Jan Böhmermann: “I can’t take these system maintenance reflexes anymore” – media

The Radio Dance Orchestra plays at the beginning of the ZDF Magazine Royale for his life, it must, too, if you take the words of Tom Buhrow in the Hamburg Overseas Club takes seriously. Since the public orchestras and choirs, or their saving, were after all one of the few concrete points of his revolution. Of course, Böhmermann is extremely self-conscious with a broadcast on public broadcasting, but that hasn’t stopped journalists at RBB from doing very good work. In Böhmermann’s hybrid satire and investigative show, the ideal time has now come in the days after Buhrow’s private speech. Obligatory for Böhmermann to state that he is speaking “purely as a private person” and not as a moderator of a ZDF program.

“Today, for a change, it’s not about anything secret,” he begins, “but about something obvious: public broadcasting sucks.” The tone is set, and Böhmermann, who always and repeatedly emphasizes in this show that he is a child of public law, seems credibly touched and increasingly angry as the show progresses.

Böhmermann also has to emphasize that Springer has been working on abolishing public broadcasting for years. Along with the noble goals, distance from the state, pluralism, democracy on which it was once built. But from those, from the guest posts in the World and the AfD in the state parliaments, he will not let his criticism be taken away from him.

So to the anger and the motto of the show, #dontgetmewrong, so to Tom Buhrow. Buhrow, who certainly doesn’t want to be misunderstood in general, but on the other hand doesn’t behave as if that were his top priority, sang on the show Gottschalk live ten years ago enthusiastically played “Don’t get me wrong” by the Pretenders, accompanying himself on guitar. That was courageous – after all, Buhrow was somewhere between the career stages daily topics and WDR directorship, so you shouldn’t make fun of it. in the ZDF Magazine Royale it is still television gold.

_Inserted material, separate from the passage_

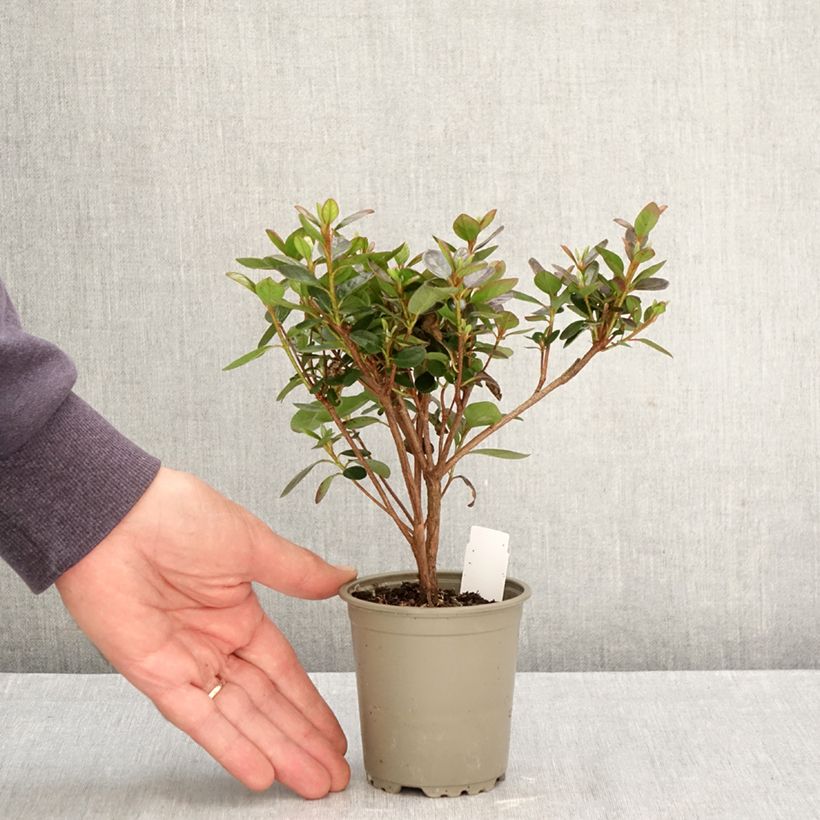 Esemplare di Azalea Blaauw's pink Vasetto da 8/9 cm come consegnato in autunno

As well as this NDR story with the dog medium. You have read them often enough in the past few weeks: In the NDR Hamburg Journal ran a post about a woman who wanted to get in touch with deceased dogs, which raised questions in the wake of the Schlesinger scandal. Because the producer of the dog contribution was the daughter of the NDR culture boss. But seeing the post and contacting the deceased dog Laika is something completely different. Above all, Jens Riewa’s extremely skeptical moderation: “Yes. May Laika just rest in peace.”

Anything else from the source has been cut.